───── TASK MATERIAL

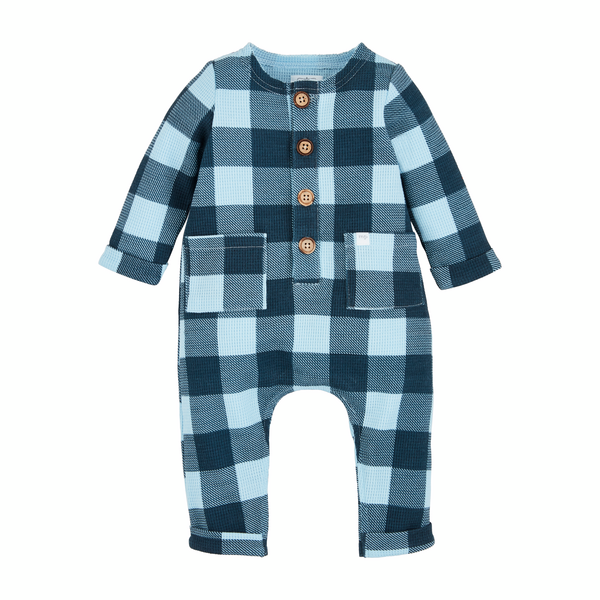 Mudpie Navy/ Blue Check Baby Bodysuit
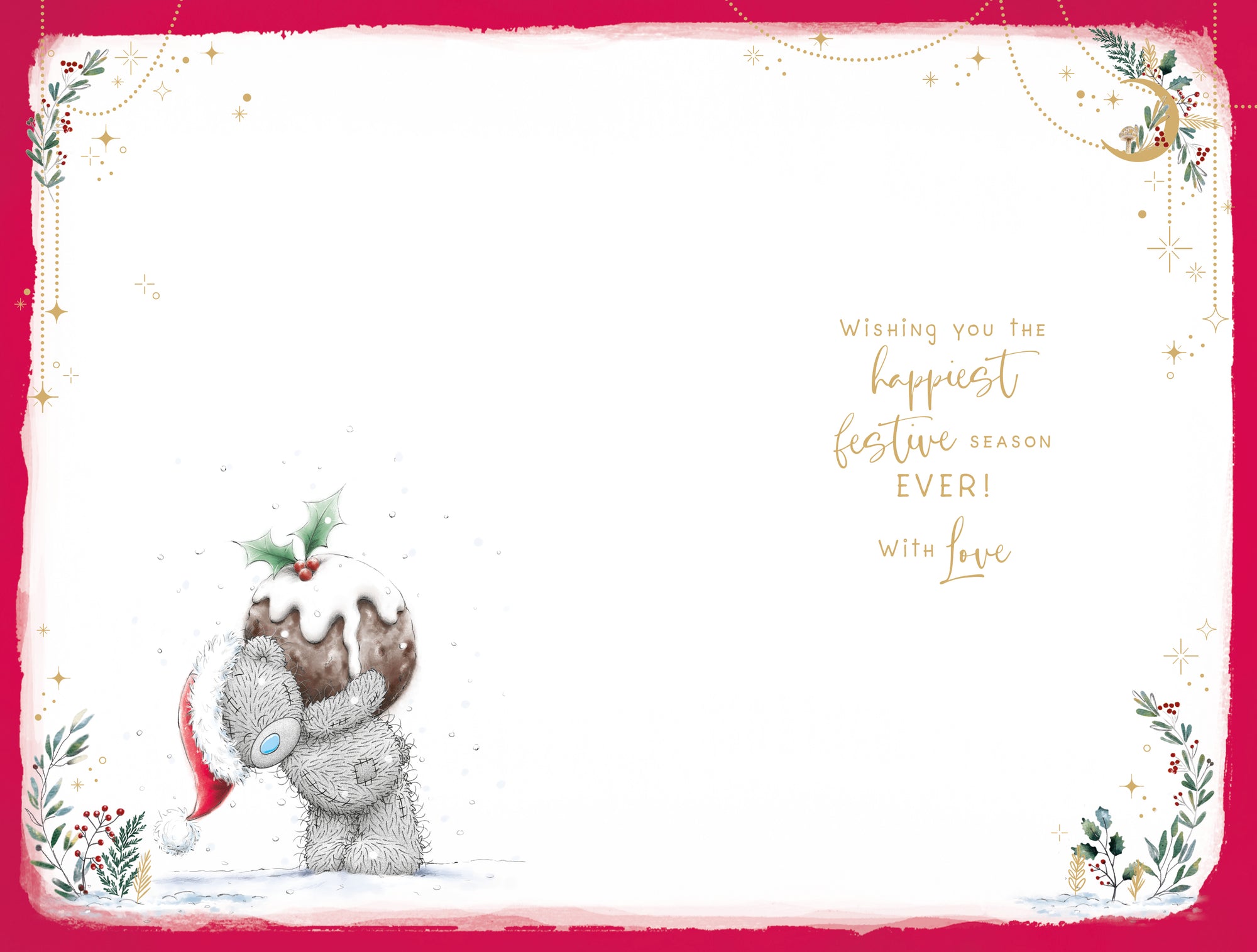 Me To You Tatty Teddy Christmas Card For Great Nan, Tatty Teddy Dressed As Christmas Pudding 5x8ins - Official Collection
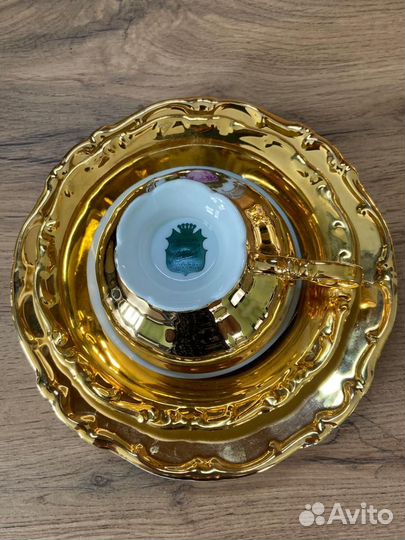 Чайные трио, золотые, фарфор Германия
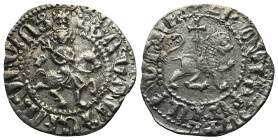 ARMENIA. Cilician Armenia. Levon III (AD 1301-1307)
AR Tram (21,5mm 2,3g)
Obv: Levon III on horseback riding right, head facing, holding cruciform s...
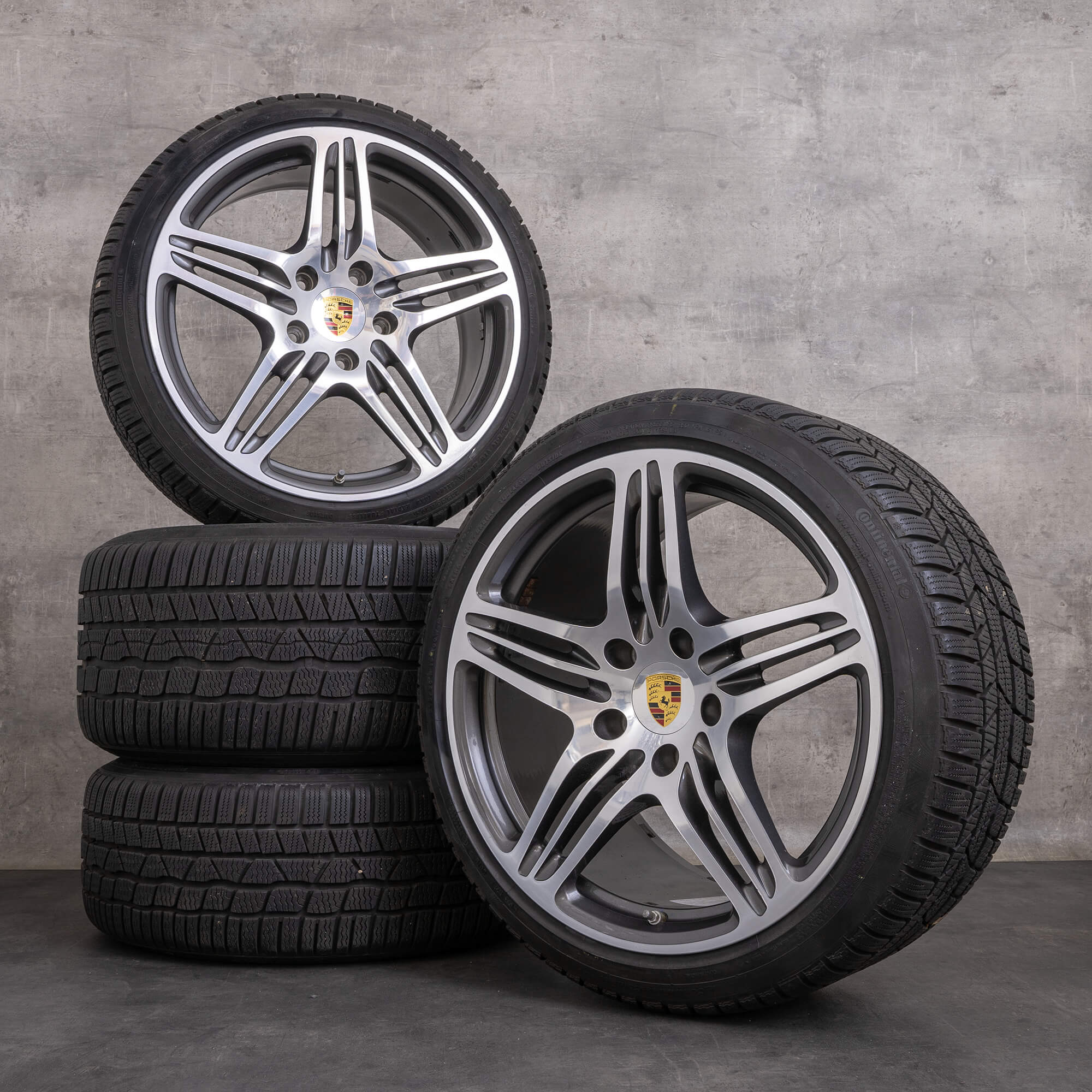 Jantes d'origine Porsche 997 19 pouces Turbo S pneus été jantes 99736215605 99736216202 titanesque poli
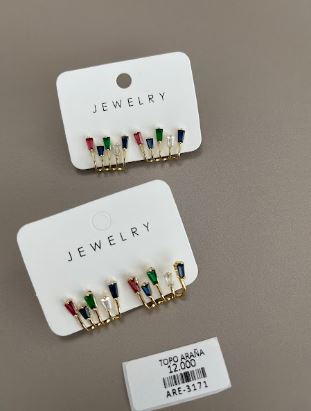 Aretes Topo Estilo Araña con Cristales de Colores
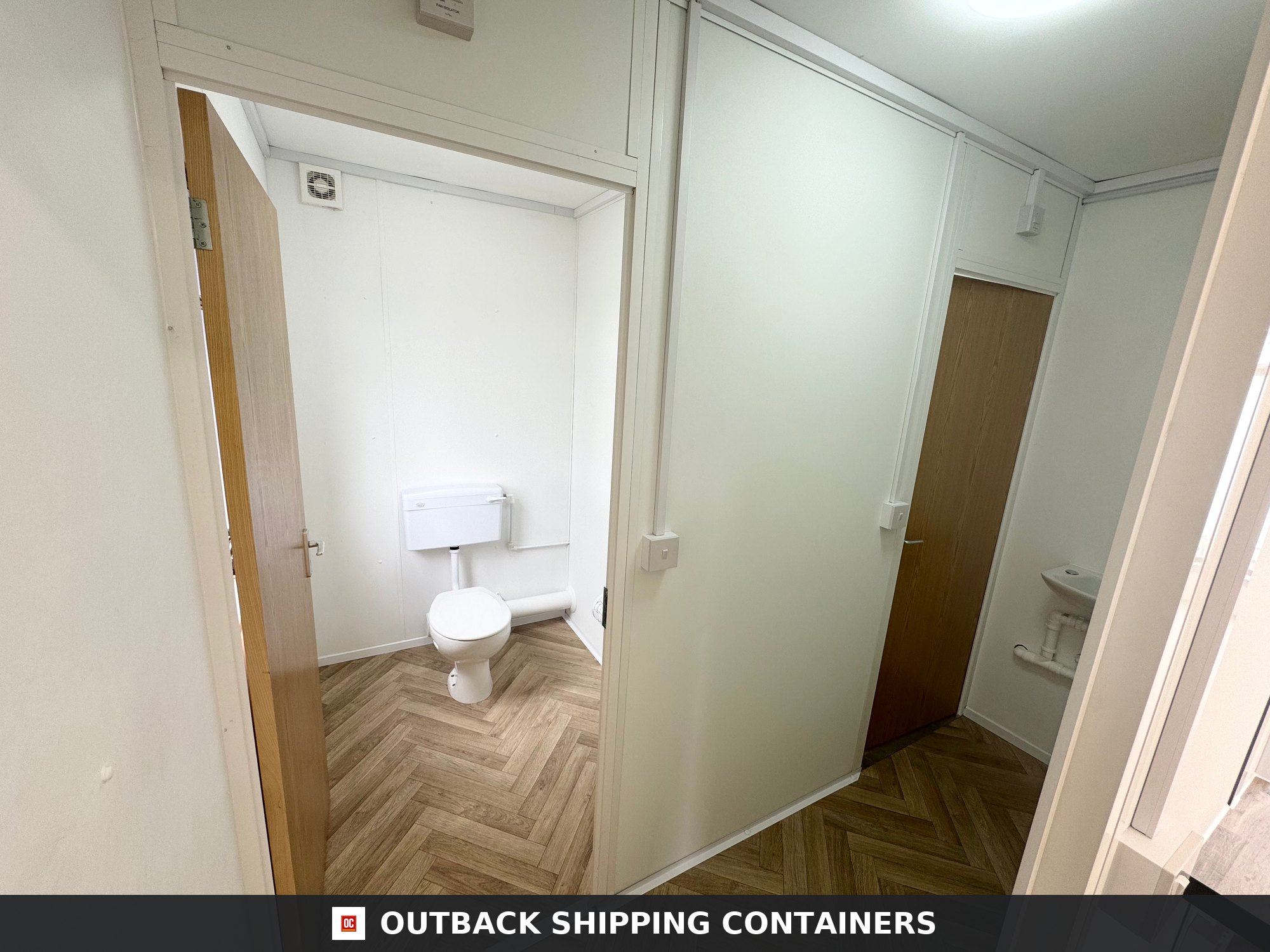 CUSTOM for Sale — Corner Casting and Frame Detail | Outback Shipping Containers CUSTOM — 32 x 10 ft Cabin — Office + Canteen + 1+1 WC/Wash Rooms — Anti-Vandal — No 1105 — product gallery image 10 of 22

──────────

BRIEF:
Each record should appear again exactly as it stands, with no picture included.

EXPECTED OUTPUT:
 Mudpie Navy/ Blue Check Baby Bodysuit
 Me To You Tatty Teddy Christmas Card For Great Nan, Tatty Teddy Dressed As Christmas Pudding 5x8ins - Official Collection
 Чайные трио, золотые, фарфор Германия
 ARMENIA. Cilician Armenia. Levon III (AD 1301-1307)
AR Tram (21,5mm 2,3g)
Obv: Levon III on horseback riding right, head facing, holding cruciform s...
 Jantes d'origine Porsche 997 19 pouces Turbo S pneus été jantes 99736215605 99736216202 titanesque poli
 Aretes Topo Estilo Araña con Cristales de Colores
 CUSTOM for Sale — Corner Casting and Frame Detail | Outback Shipping Containers CUSTOM — 32 x 10 ft Cabin — Office + Canteen + 1+1 WC/Wash Rooms — Anti-Vandal — No 1105 — product gallery image 10 of 22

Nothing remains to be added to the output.